私が初めて日本の工芸品と出会ったのは、2019年に交換留学生として広島市立大学を訪れたときでした。授業を通じて知った職人たちの献身的な姿勢と正確さに深く感銘を受け、この分野についてもっと学びたいと思うようになりました。
それ以来、高い技術と知識を必要とする伝統工芸に従事する職人たちに深い敬意を抱くようになりました。テキスタイルデザイナーとして、特に織物に強い関心を持つ私は、2023年の秋、日本の着物文化に根ざしたテキスタイル技法を学ぶために再び日本を訪れました。
2024年の春、福岡県八女市にある久留米絣の織元、
下川織物に約1ヶ月間滞在し、久留米絣の製作工程を学ぶ機会を得ました。久留米絣の製作工程は非常に複雑で時間がかかります。機械織りの場合、合計で約30の工程があり、完成までに少なくとも2~3ヶ月を要します。 この地域の織物は200年以上の歴史を持ち、何世代にもわたって受け継がれてきました。

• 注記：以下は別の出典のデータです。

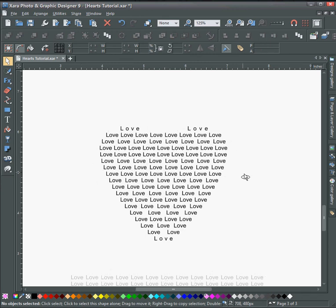So that concludes this tutorial on how to repel text under a shape or get your text to be inside of an irregular shape. Thank you very much for watching and I hope to see you in the next tutorial. Bye now.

絣模様は経糸と緯糸の糸を括り止めることで表現されます。その後、括られた糸は何度も藍で染められ、手織りされていきます。この伝統的な生産方法は1957年に「重要無形文化財」として認定され、現在も久留米周辺の複数の工房で続けられています。久留米絣の特徴的のひとつは、機械織りと手織りが共存し、互いに協力しながら支え合っている点です。
1948年に創業した下川織物は、力織機や機械による経糸・緯糸の結い取り機を使用して久留米絣を生産する織元のひとつです。 これらの技術を生産工程に導入することで、現代的な商品を低コストで生産しながら市場で競争力を維持することが可能になりました。しかし、作業工程全体に膨大な時間と労力が必要であることに変わりはありません。
たとえば、力織機を使用する場合でも、職人は細心の注意を払いながら監視しなければなりません。経糸と緯糸の張力を均一に保つことが重要であり、熟練した職人は竹の棒をどこに差し込めば張力を調整できるかを熟知しています。特に久留米絣では二重の絣模様を織っているため、この作業はとても複雑です。私は工房で職人たちの仕事ぶりを見学し、その高い技術力に深く感銘を受けました。